KENOSHA NEWS CORRESPONDENT
TWIN LAKES — For those who ride, Saturday’s 20th annual Kenosha Harley Owners Group bike blessing was about more than safe travels.
“Bike blessing is a reminder that these guys are all family,” said James “Gym” Fry, of Wildwood, Ill. “You get on the bike, and that’s the common denominator.
Fry said he may only see some of his fellow riders once or twice a year, he said. “(But) if I see them on the side of the road, I’m going to pull over and make sure they’re OK.”
Fry was the road captain Saturday’s 20th annual event, so it was literally his responsibility to pull over if someone was on the side of the road, which he did for a fellow rider’s flat tire about a mile into the ride.
The history behind the blessing, no doubt, has played a role in the themes that still run deep 20 years on.
Kevin Ulicki, the son of Frank “Uke” Ulicki, and owner of Uke’s Harley Davidson, where the ride begins each year, remembers fondly his old friends Dottie and Ron Young.
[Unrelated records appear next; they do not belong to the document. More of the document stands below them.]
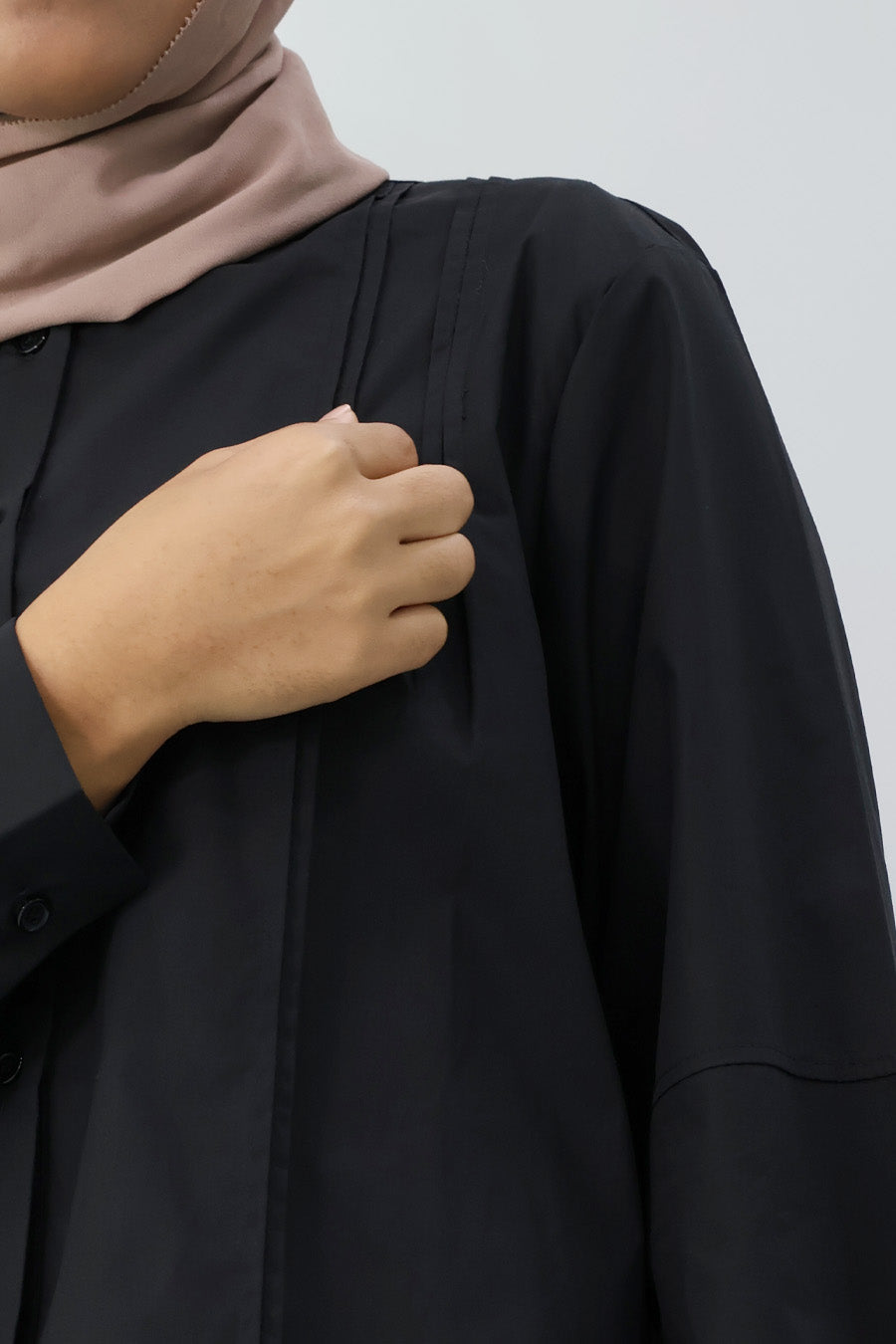 Black Long Sleeve Pleated Shirt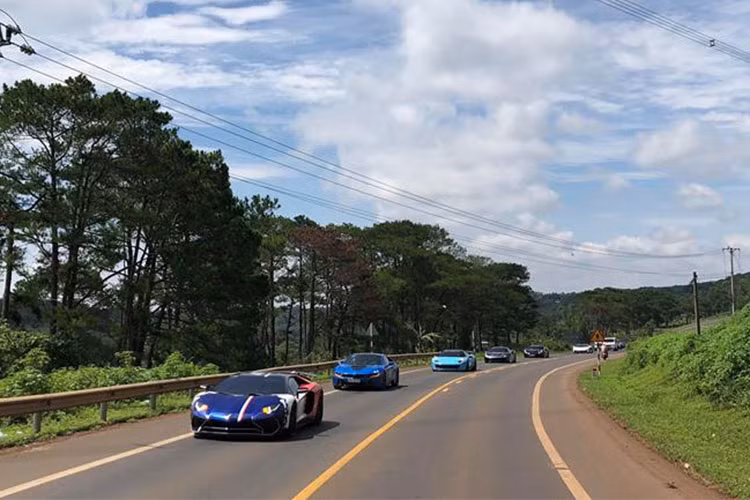 Tham gia hành trình lần này gồm có; Ferrari 458 Italia Liberty Walk, Lamborghini Aventador LP700-4 độ body kit bằng sợi carbon của hãng Vorsteiner, Ferrari 488 GTB màu đen mang biển kiểm soát Hà Nội, Lamborghini Aventador LP700-4 màu xanh Lemans, "ông vua địa hình” Mercedes-Benz G55 AMG, BMW i8 xanh dương nổi bật,…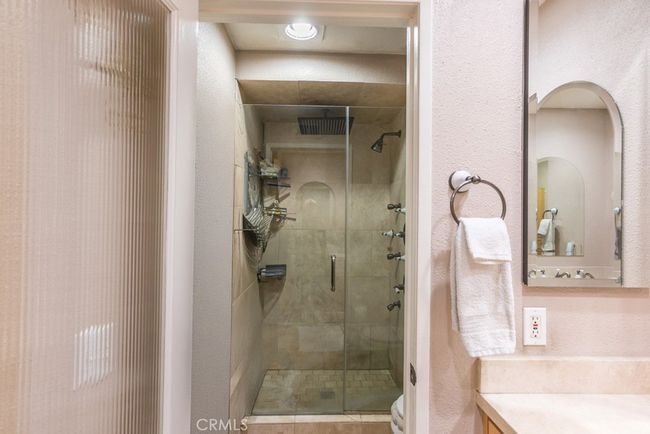 UNIT-25 - 25847 Mcbean Pkwy, Condo with 2 bedrooms, 2 bathrooms and 1 parking in Valencia CA | Image 19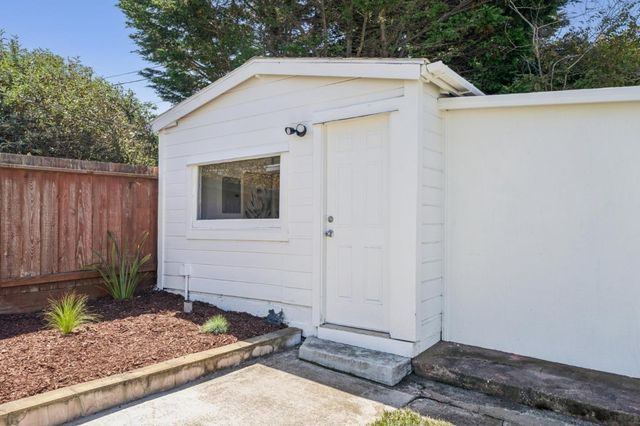 330 Paloma Avenue, Pacifica, CA 94044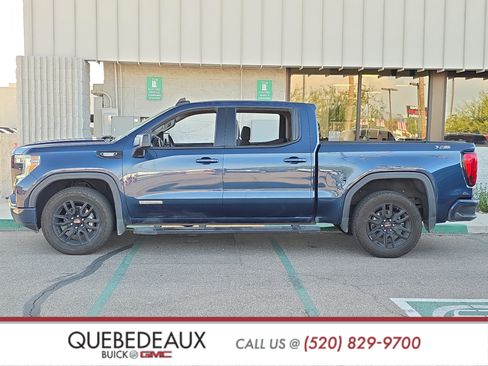Used 2021 GMC Sierra 1500 Elevation w/ LPO, Elevation Black Package AWD/4WD image 4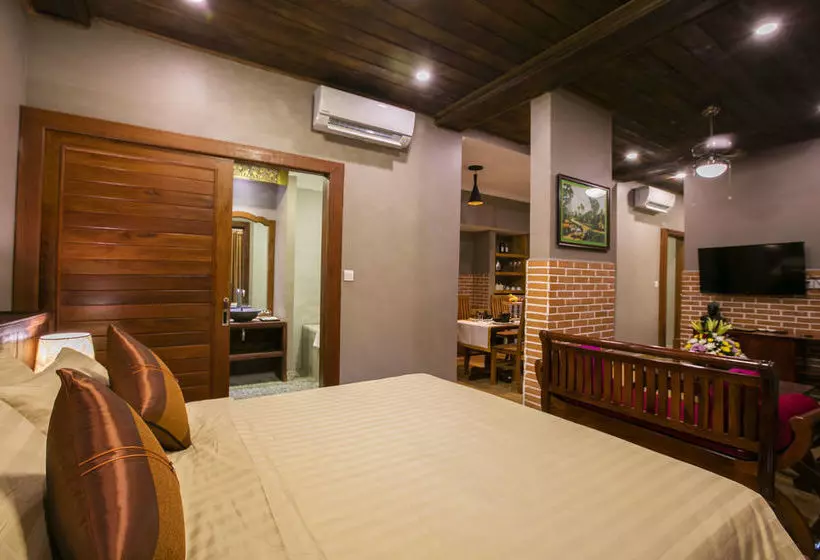 هتل Image D Angkor Boutique Villa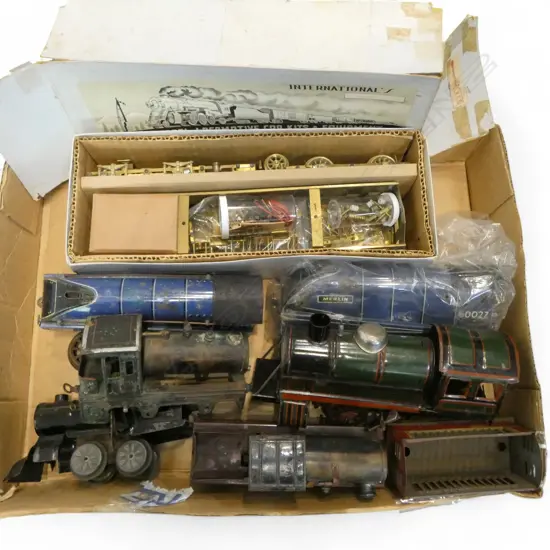 VINTAGE 6 PART HORNBY TRAIN ENGINES & MODEL CAR KIT EQUIPMENT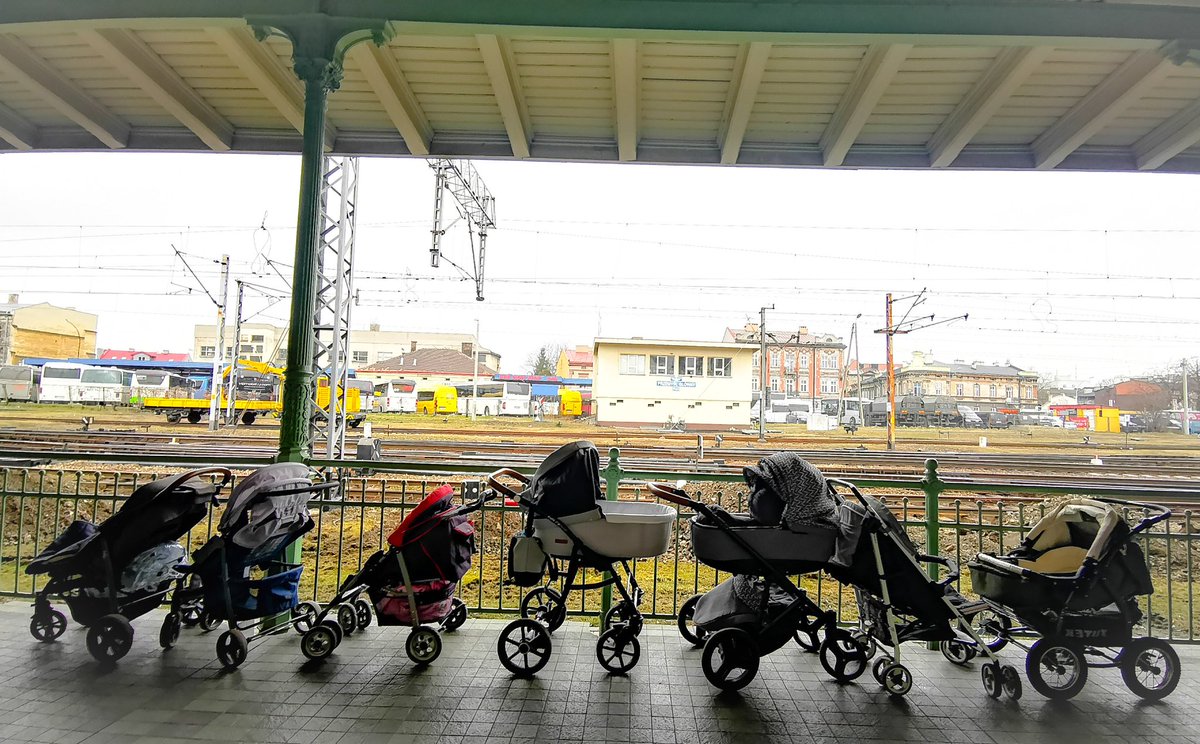 MalavoltaF's tweet image. Passeggini lasciati in stazione per le donne in arrivo dall'Ucraina con neonati. ❤️
Foto copyright F.Malavolta
#RussiaUkraineConflict #ukraine #WWIII #photojournalism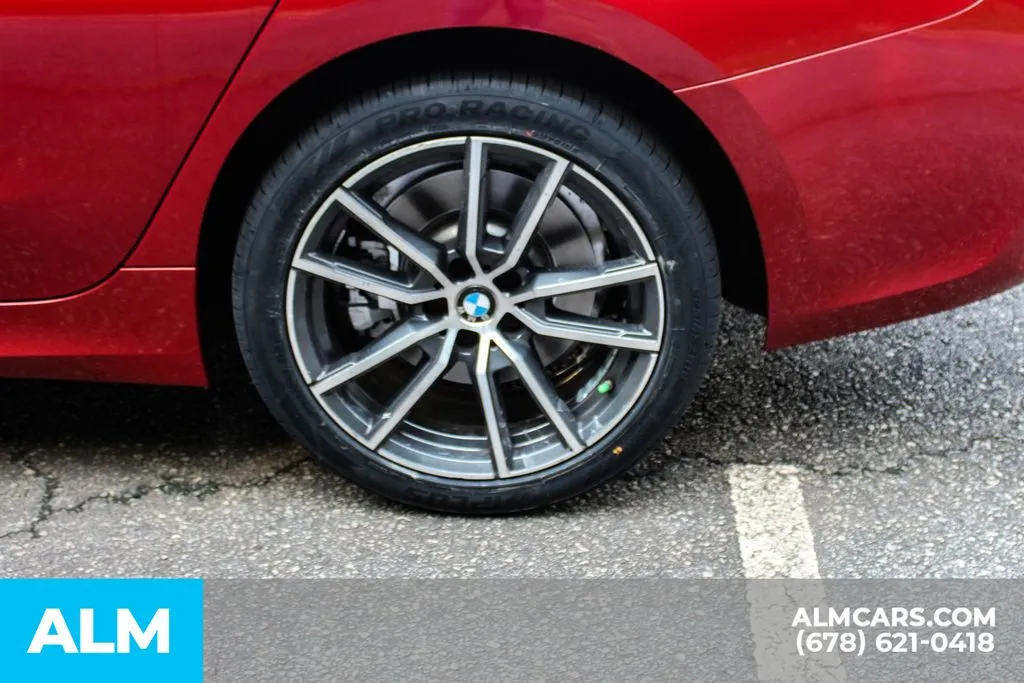 BMW 3 Series photo 14
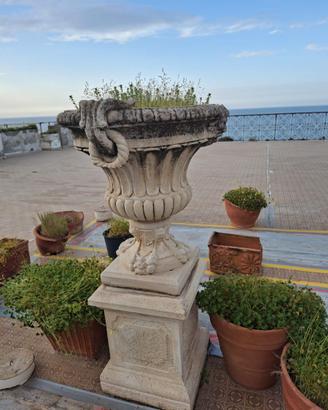 Vaso decorativo da giardino barocco con piedistall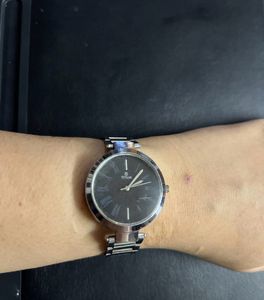 Titan Youth Analog Black Dial Women&#39;s Watch-NL2480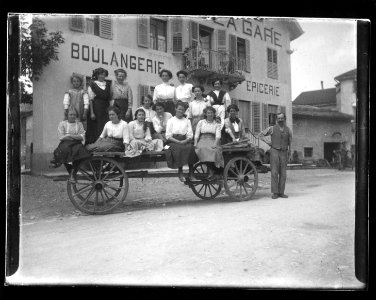 ArCJ - Les Bois, Groupe - 137 J 668 a
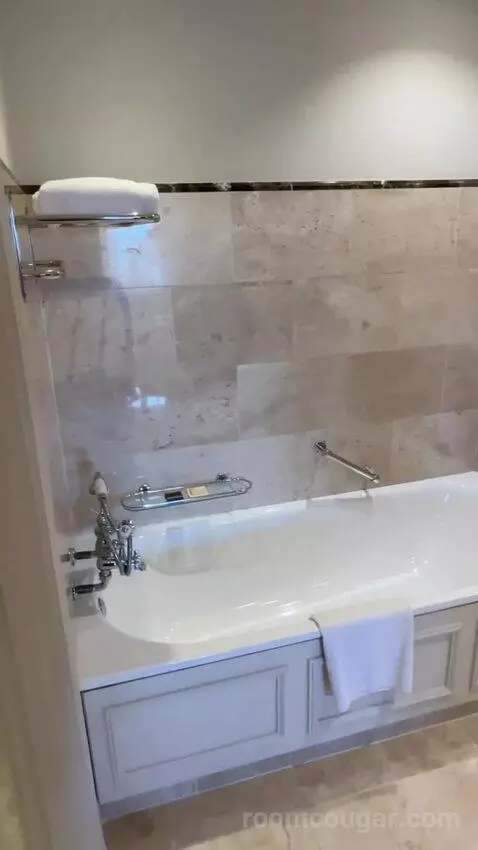 Panoramic View One Bedroom Suite bathroom picture #7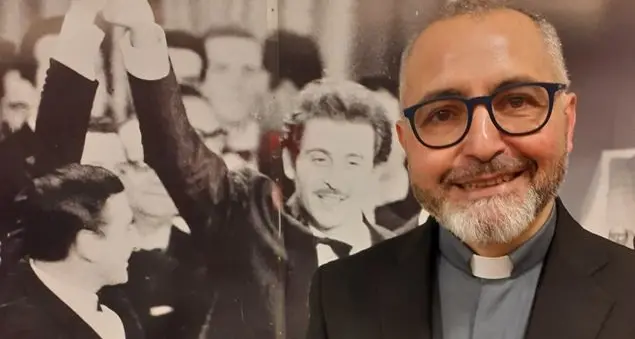 Il parroco di Trapani tra il pubblico dell'Ariston: \"Nelle canzoni dei giovani c'è il cuore del messaggio cristiano\"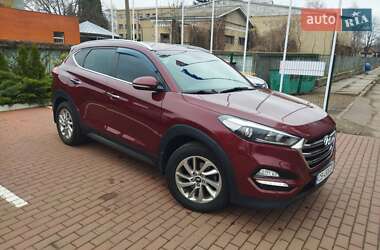 Позашляховик / Кросовер Hyundai Tucson 2016 в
It was Dottie’s idea to do a bike blessing.
Ron was a longtime rider. A drunken driver killed him while he was riding to Uke’s to pick up a new bike.
It wasn’t long after, missing her Harley family, that Dottie decided to start riding. Dottie, who was the organist at Calvary Congressional Church in Twin Lakes, proposed having the blessing there.
“I said, ‘That’s perfect a ride from Kenosha to Twin Lakes,’” Ulicki said. “It’s always nice on a motorcycle to get out on a county ride.”
But, in a tragedy Ulicki said is hard to imagine, a drunken driver too later killed Dottie while she was on a morning ride.
Kevin Klee, of Racine, director of the local HOG chapter, said he holds dearly to the sense of community that got Dottie riding for the first time after her husband’s death.
“It becomes a family,” he said of the column of riders bestriding Harleys on their way to pray for safe rides and open road. “It’s a good way to start out the year.”
It’s something to hear, Fry said, when 200 motorcycles roar to life and go thundering down the road. It’s what Ulicki called “the ultimate.” It’s a feeling they can’t describe, however hard they try.
At the church, the motors silenced. The Rev. Judy Wang, in her 16th year leading the blessing, opened it with some Route-66 word games, followed by an apt reading of Psalm 66.
“Bless our God, o’ people, give God a thunderous welcome,” she said, “Didn’t he set us on the road to life?”
The crowd took a moment to remember the departed since last year’s blessing. Dottie Young was mentioned.
There was a prayer, followed by a low, humming amen that issued as one from the crowd.